Oliveira lembra que os juros capitalizados estão amplamente
difundidos na economia doméstica e na de outros países. "Vale para
geladeira, casa própria, financiamento de veículo. Tudo é com juros
compostos. No mundo inteiro é assim que se pratica mas, lá fora, as
taxas são mais baixas", comenta. Na visão dele, justamente por abrir um
precedente, o Supremo não permitirá o cálculo da dívida dos estados
baseado nos juros não capitalizados.
"Se [a decisão] for juros
simples, todo mundo poderia ir à Justiça. É um contrassenso, porque os
próprios estados cobram do contribuinte juros compostos", afirma. Para o
economista, o problema não está na cobrança de juros capitalizados. "O
problema não é se é abusivo [cobrar juros capitalizados]. O problema é
que, como no Brasil as taxas de juros são muito altas, dá uma alteração
grande".
A advogada Maria Inês Dolci, coordenadora institucional
da Associação Brasileira de Defesa do Consumidor (Proteste), defende que
o cálculo dos juros deve ser transparente e sua aplicação, justa. "A
gente sabe que, hoje, sobre qualquer financiamento para bens, insumos,
serviços, limite de cheque especial, incidem juros compostos. Nós,
consumidores, não temos o conhecimento técnico da sua aplicação.
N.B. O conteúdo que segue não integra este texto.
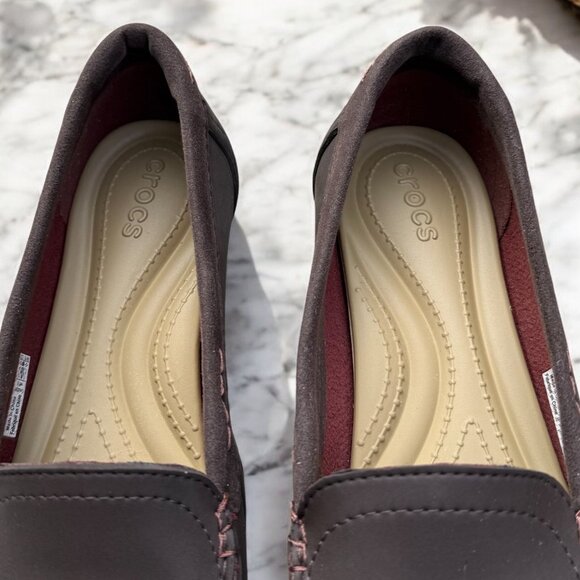 Crocs NWOB Marin ColorLite Loafers Women's Size 6.5 Mahogany Brown Slip On - Picture 4 of 11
Sabemos
que muitas vezes se tornam abusivos e até ilegais e são as instituições
financeiras que acabam lucrando. Existe também uma súmula do próprio
STF dizendo que é vedada a capitalização de juros", afirma.
A
coordenadora da Proteste refere-se à Súmula 121 do Supremo. No entanto,
alguns juízes entendem que a Súmula 596, publicada posteriormente,
invalida a anterior. O STF também já julgou constitucional a cobrança de
juros compostos em operações de crédito com prazo inferior a um ano, em
decisão de 2015. A decisão da Corte sobre o mérito das liminares
concedidas às unidades da Federação promete trazer mais clareza sobre o
tema.
Segundo estimativa do Ministério da Fazenda, uma decisão do
STF favorável aos juros simples traria um rombo de R$ 402,3 bilhões aos
cofres públicos, levando em conta o estoque da dívida dos estados até
dezembro de 2015. Os estados de Santa Catariana, do Rio Grande do Sul,
de Minas Gerais, Alagoas, Goiás, São Paulo e do Rio de Janeiro estão
entre os que obtiveram liminares que dão o direito a pagar a dívida
calculada por juros não capitalizados sem sofrer sanções da União.